One of 38 resolutions that didn’t make it to the floor of the SBC


I have had the privilege of serving on the resolutions committee on three different occasions and as chairman one year. However, I have never submitted a resolution to the national convention until this year.

I discovered that Doug Munton, pastor of First Baptist Church in O’Fallon, Illinois, and I shared the same appreciation for Baptist State Conventions and those who lead the state conventions as Executive Directors.

So, together, Pastor Munton and I crafted a resolution expressing “Appreciation for our State Conventions and Executive Directors. While sixteen resolutions were presented to the Convention for approval, our resolution was one of 38 that did not make the cut.

It appeared that the committee carefully considered our proposed resolution and released their rationale for not presenting it for approval. Here is what they reported,

“While the Committee believes that the Southern Baptist Convention messengers would agree that this resolution is unifying and positive, and there are many reasons for which to express appreciation not only to our State Conventions and their Executive Directors, but also leaders at the associational levels, the Committee concluded this resolution did not rise to the level of priority for consideration at this meeting as the other resolutions presented.”

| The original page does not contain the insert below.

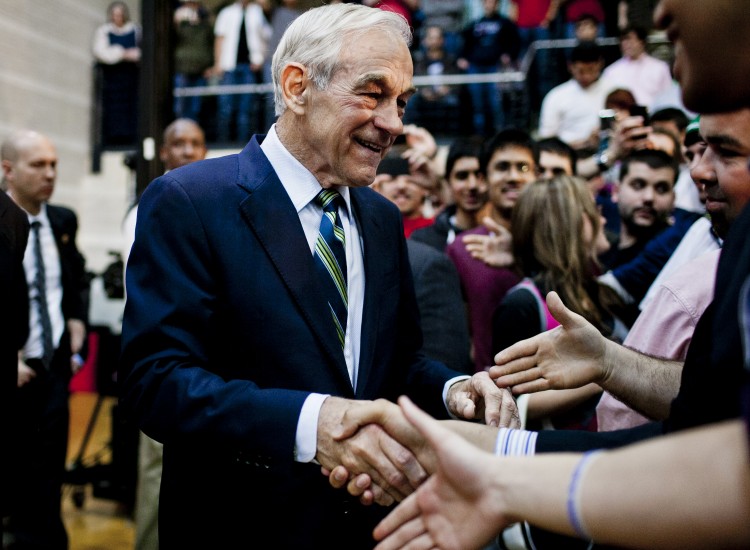 Republican Presidential hopeful Rep. Ron Paul (R-Texas) greets supporters during a town hall meeting at the University of Maryland on March 28 in College Park, Md. Paul has said he will continue his campaign as Republican presidential nominee, the last remaining rival to Romney, despite failing to win any states so far. (T.J. Kirkpatrick/Getty Images)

However, in Georgia I believe we have ample reason to express appreciation for the spirit and effectiveness of our state convention and the great leadership of our Executive Director, so I am taking the liberty to post the proposed resolution here:

Resolution of Appreciation for Our State Conventions and their Executive Directors

Whereas, the state conventions, including those conventions composed of dual states, may be considered by some as an unnecessary level of redundancy in Southern Baptist life and because they are often underappreciated, and

Whereas, state conventions have a clearer understanding of the needs of churches in their region than national agencies, and inasmuch as state conventions have “boots on the grounds” to meet those needs by assisting their churches in the areas of evangelism, church revitalization, discipleship, church planting, music and worship, etc., and 

Whereas, no one knows more about the needs of each individual state better than the state convention missionary force, and because they are accountable to their local churches in a way that national agencies, by their very nature, cannot be, and 

Whereas, the Southern Baptist Convention has continued to have strong financial support due in large part to the State Executive Directors who are thoroughly invested in and devoted to being passionate advocates of the Cooperative Program, the lifeline to the missions and ministries of the denomination, and

Whereas, Baptist State Executive Directors and their missionary personnel care deeply about our denomination as a whole and not just their part, and because many of these state conventions have been on a slow, but steady increase in the percentage of Cooperative Program receipts they send to national agencies, and

Whereas, state conventions are often catalysts in connecting pastors with other pastors and church leaders through training events, special activities and personal engagement, and 

Whereas, state convention missionaries are often able to connect local pastors with leaders in the national missionary agencies, seminaries, the ERLC and the SBC Executive Committee and serve as facilitators to apply the work of these institutions and agencies to the local church, and

Whereas, state conventions can personalize the work of our denomination by supporting struggling pastors who need encouragement, counseling or training, and assist transitioning churches to see new possibilities and help pastorless churches find new leadership.

And whereas there may be those in Southern Baptist life who have not yet recognized the extreme value of state conventions/mission boards and do not seem to realize that these state conventions/mission boards are an essential link between the national convention and the local church, and inasmuch as there may be some who have overlooked the fact that state mission boards interact with pastors and churches in order to meet their needs in personal and compassionate ways, and since it would be mutually helpful for all to the bless and encourage the work of our state conventions;

Be it therefore, resolved that the messengers to the Southern Baptist Convention meeting in Dallas, TX on June 12-13, 2018 express their profound appreciation to the Baptist state conventions of the SBC and the State Executive Directors for their partnership in ministry, their superb leadership, their spiritual influence and their invaluable contribution to the cause of Christ.

Be it also resolved that the messengers to the 2018 Southern Baptist Convention offer their prayer support for the Baptist State conventions and their Executive Directors (Colossians 1:9-14), realizing that the role of state missionaries is often challenging and demanding, involving long hours and weighty responsibilities.

And be it finally resolved that we recognize that Southern Baptists’ national agencies, state conventions, and associations all have valid and significant roles and exist to serve the local church and that the local church is at the top the denominational structure for Jesus said, “I will build my church and the forces of hades will not overpower it” (Matthew 16:18 HCSB).